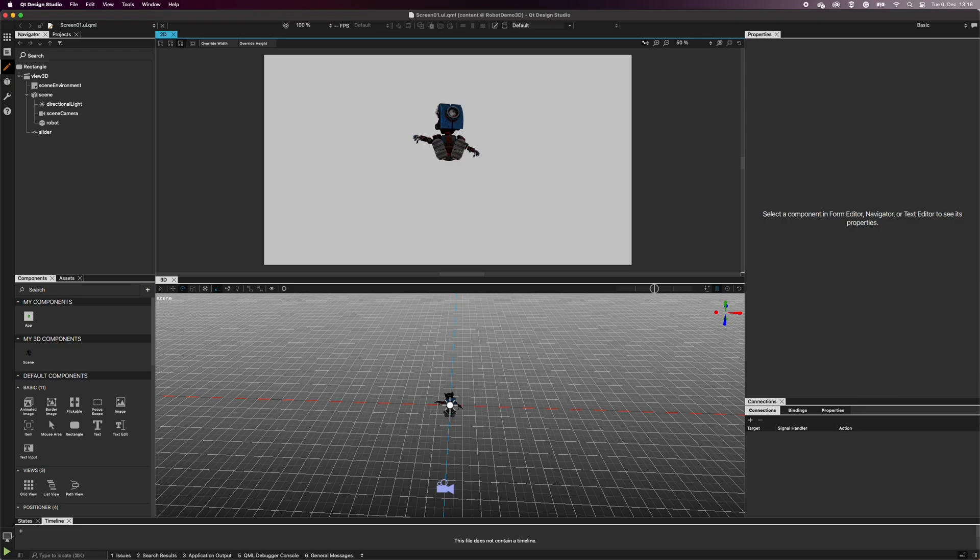Light components are the primary source of lighting in a Qt Design Studio 3D scene. In this video, we explore how directional light behaves.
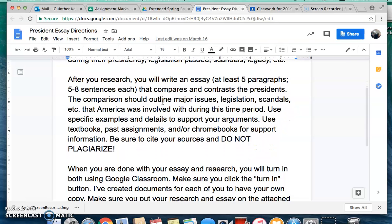After you do that research, you're going to write an essay. It has to be at least five paragraphs, and those paragraphs need to be five to eight sentences each — so think English class here. You need to compare and contrast those different presidents: outline any major issues, legislation, scandals, laws that were passed, anything that America was involved with during this time period. You're comparing how those presidents dealt with those issues, and you need to use specific examples, details, and all that good stuff to support your arguments.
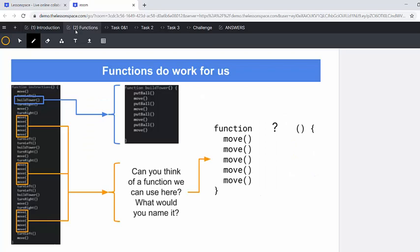Today's lesson, we're going to have a little look at functions again. So we've got this build tower function. Remember, we call it under the function instructions, but we define it below that curly bracket there. We define our functions. So we've got our build tower function over there and it's made up of all of those instructions.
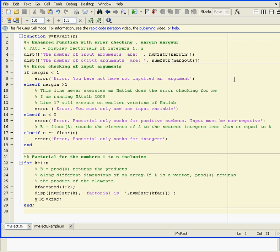You can see here there's only one input argument - that's n in MyFact(n), that's here. And there's no output arguments.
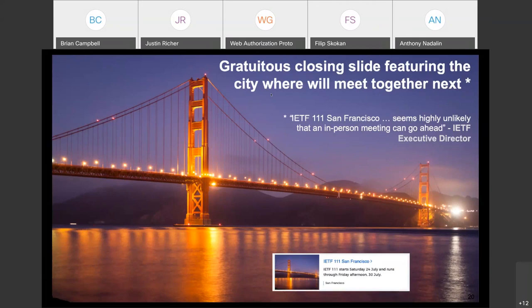Brian put up a final slide noting he probably won't see everyone in San Francisco, but hopefully the meeting after that. The chair thanked Brian for a great presentation and the meeting concluded.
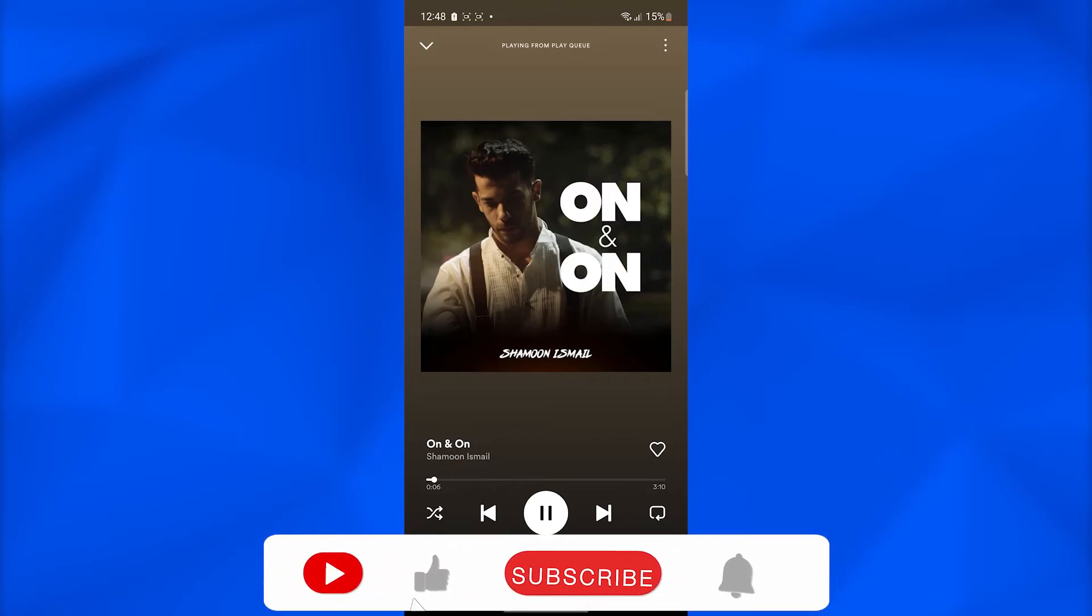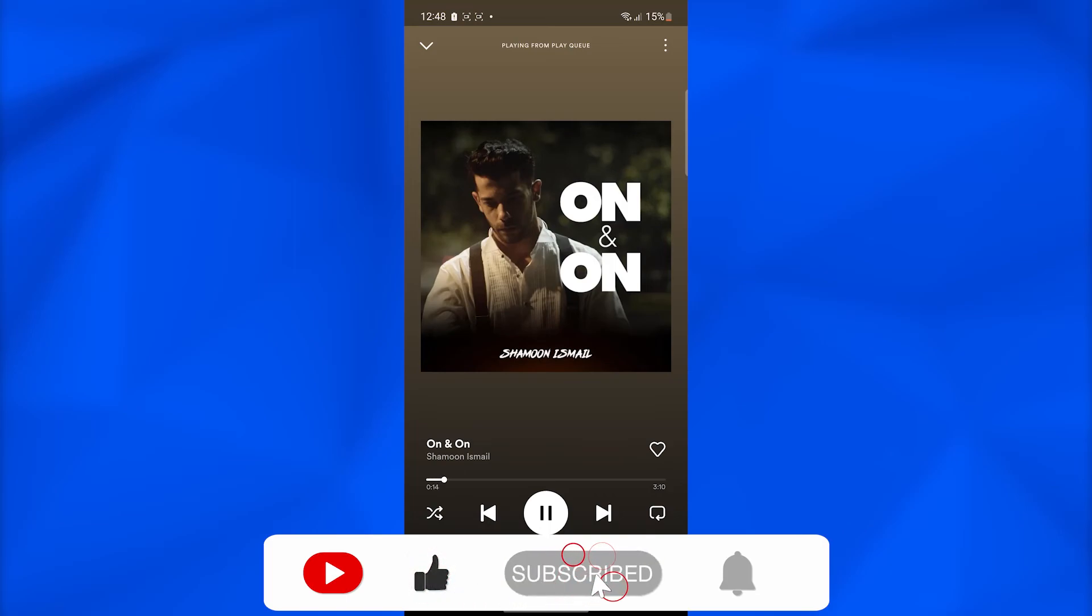Or basically make your own playlist, and you do not have to worry about Spotify's shuffle play. So guys, this was the video. Thank you so much for watching, take care till next time, goodbye.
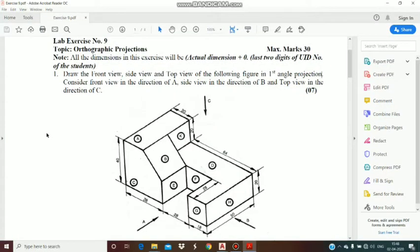Good morning students. Today our topic is orthographic projection lab exercise number 9. Here we will start with question number 1. In orthographic projection a 3D figure will be given to us as given in question number 1. You can see this figure — this is a 3D figure and from this figure we have to find out its front view, side view and top view.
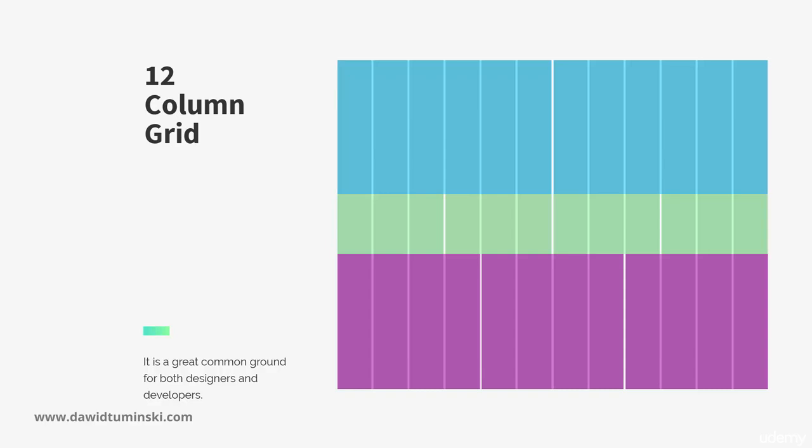You can also mix columns horizontally. One section can be divided into 2 columns, another into 4, another one into 3 and so on.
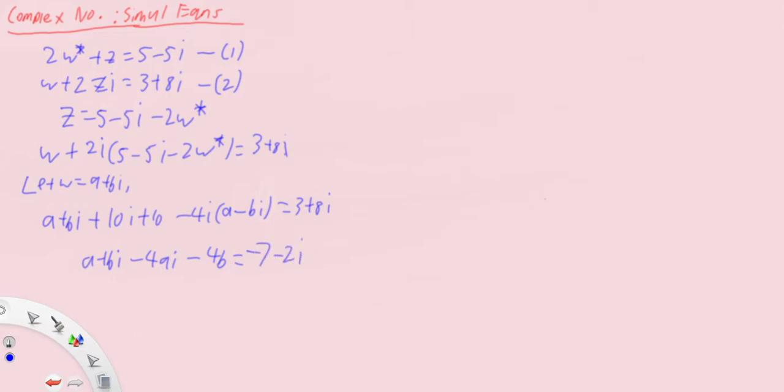We now compare real and imaginary parts. a minus four b equals minus seven, and minus four a plus b equals minus two.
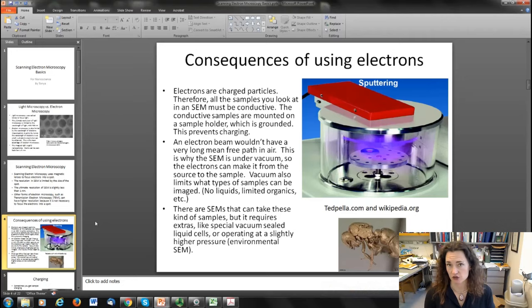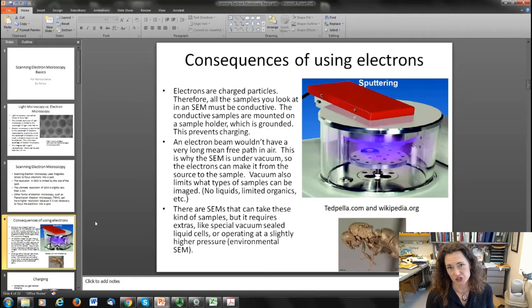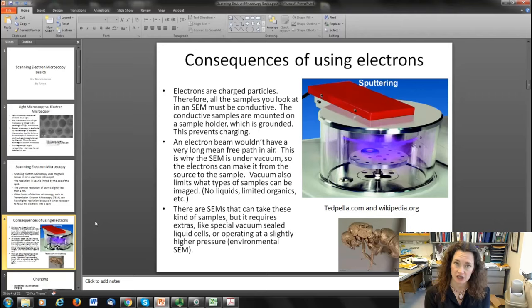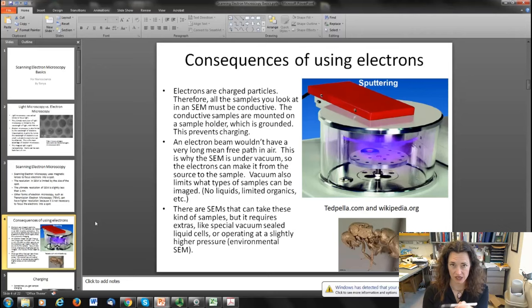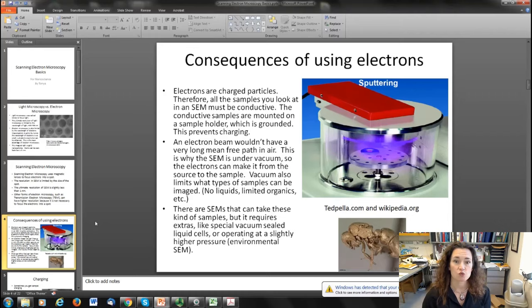For all forms of electron microscopy there are consequences of using electrons as your imaging medium. First of all, electrons are charged particles, so samples you look at in an SEM should usually be conductive, otherwise they're going to charge up. If you focused on an insulator, the electrons would strike the sample, some would get embedded, and your sample would end up charged. If the pen is negatively charged and the incoming electrons are negatively charged, they'll repel one another and your beam won't really make it to your sample, causing distortion of the image.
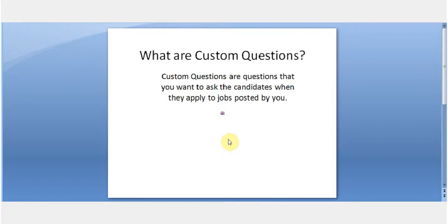Welcome to naukrigulf.com. In the following video we will show you how custom questions is a great short listing tool.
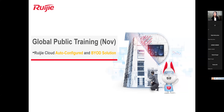Welcome everyone to today's global public training — this may be the last public training for SMB partners this year. Of course next year we'll also have lots of training to share. The topic today is about Ruijie Cloud, a new feature for auto configuration and BYOD solutions. At the beginning I asked everyone: have you downloaded, installed, and registered for Ruijie Cloud? If you already have an account, please write '1' to let me know.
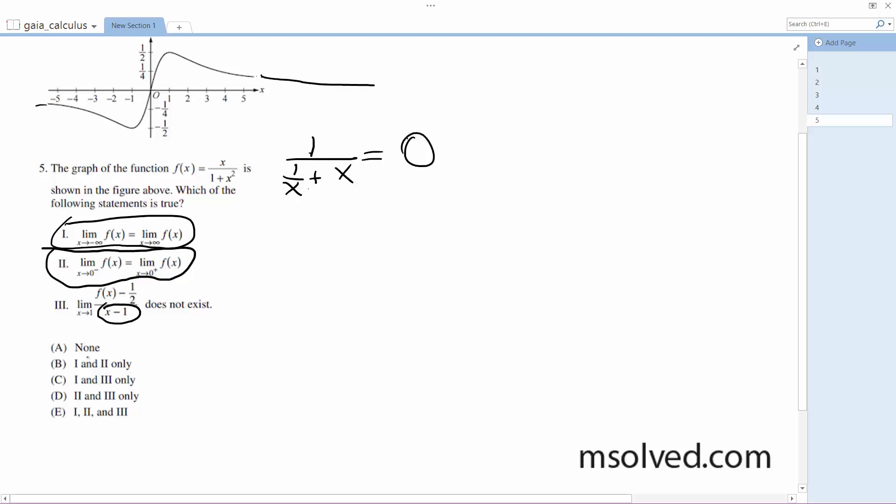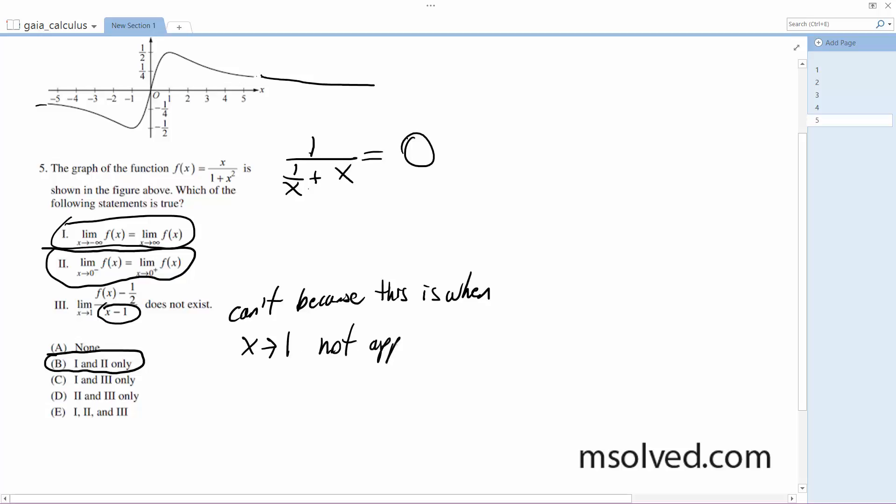So in this case, the solution is just going to be one and two. It's just one and two, not approaching one, and thus undefined. That's it.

--------------------

_Work to be completed_. Reproduce word for word the lines from the line with "Welcome everyone to" to the end of the entries above, both included, but leave the pictures out.

_Exercise result_.
Welcome everyone to today's global public training — this may be the last public training for SMB partners this year. Of course next year we'll also have lots of training to share. The topic today is about Ruijie Cloud, a new feature for auto configuration and BYOD solutions. At the beginning I asked everyone: have you downloaded, installed, and registered for Ruijie Cloud? If you already have an account, please write '1' to let me know.
So in this case, the solution is just going to be one and two. It's just one and two, not approaching one, and thus undefined. That's it.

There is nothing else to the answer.